Sir William Walton’s elegy is all restraint and tenderness — grief expressed in a whisper rather than a wail. It’s the sound of something slipping away before anyone can name it.

That’s the emotional core of Reunion.

Jim’s return home is steeped in the weight of what he didn’t say, what he didn’t understand, and what he can never get back. Marty’s absence becomes a presence. The novella moves with the same quiet dignity as Walton’s music: reflective, aching, and honest. It’s not tragedy; it’s inevitability.

Reunion: Coda — “All the Things You Are”

If Reunion is an elegy, Coda is a warm exhale.

“All the Things You Are” is harmonically rich, full of yearning that resolves into something tender and hopeful. It’s a love song that understands time — longing, fulfillment, and the courage to step into something new.

That’s Jim and Maddie’s story.
It’s about choosing connection over nostalgia, presence over regret.
It’s about love that doesn’t erase the past but transforms it.

The melody finally resolves, and so does Jim.

Comings and Goings — “This Night”

(C) 2025 Alex Diaz-Granados

Billy Joel’s “This Night,” built on Beethoven’s Pathétique, lives in two emotional worlds at once: nostalgia and forward motion. It’s a song about the nights that change you, the people who leave fingerprints on your life, and the bittersweetness of being seen.

That duality is the heartbeat of Comings and Goings.

The story is about arrivals and departures — literal and emotional. It’s about the quiet moments that shape a life more than any grand event. It’s about the way Jim carries his past with him, not as a burden but as a map.

Marty’s Theme — “Forgotten Dreams”

Marty
Marty

And then there’s Marty.

Leroy Anderson’s “Forgotten Dreams” is a wistful miniature — tender, nostalgic, glowing with the warmth of a memory you can’t quite hold. It’s not tragic. It’s not grand. It’s the sound of a moment that mattered deeply and quietly.

That’s Marty’s presence across all three stories.

She’s the lost possibility that shaped Jim’s emotional life.
She’s the unfinished melody that still hums beneath the surface.
She’s the reason he grows, regrets, and ultimately learns to love better.

“Forgotten Dreams” doesn’t overwhelm the narrative — it haunts it gently. Just as she does.

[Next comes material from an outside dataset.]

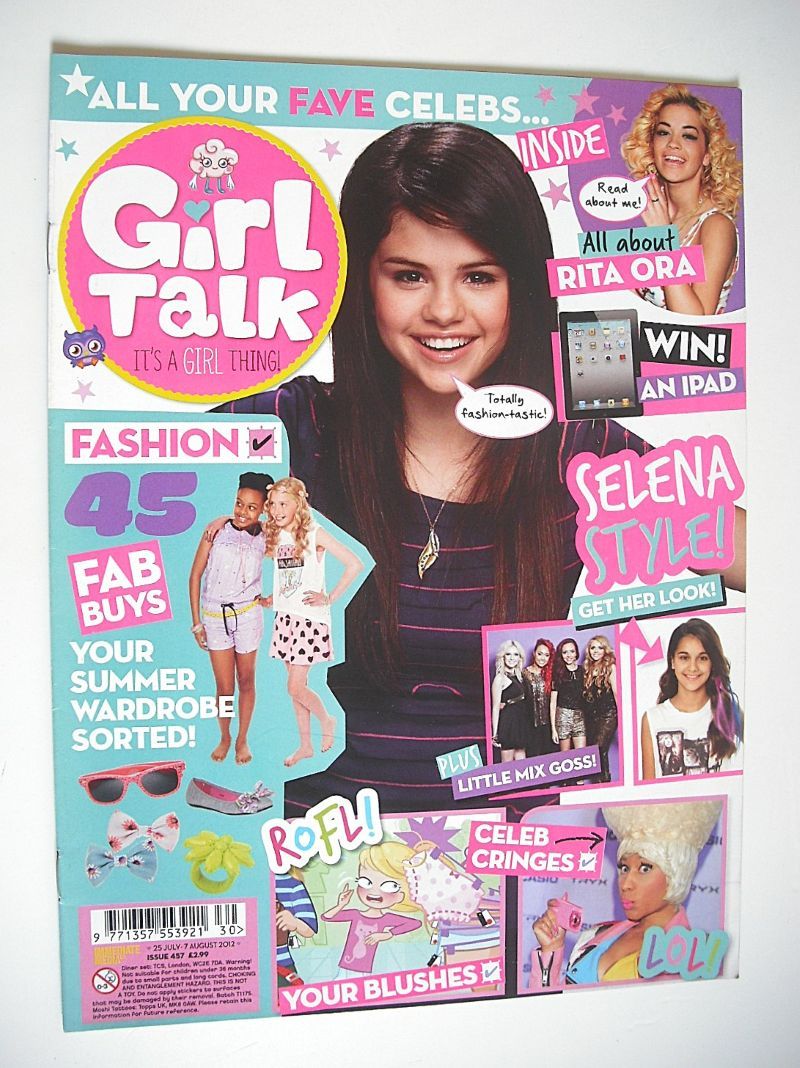 Girl Talk magazine - Selena Gomez cover (25 July - 7 August 2012)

A Four‑Piece Emotional Score

Taken together, these pieces form a musical arc that mirrors Jim Garraty’s journey:

  • Elegy (Death of Falstaff)
  • Renewal (All the Things You Are)
  • Continuity (This Night)
  • Memory (Forgotten Dreams)

It’s a progression from grief to love to understanding — from silence to song.

And maybe that’s the real soundtrack of the Garratyverse: not the music the characters hear, but the music their stories remember.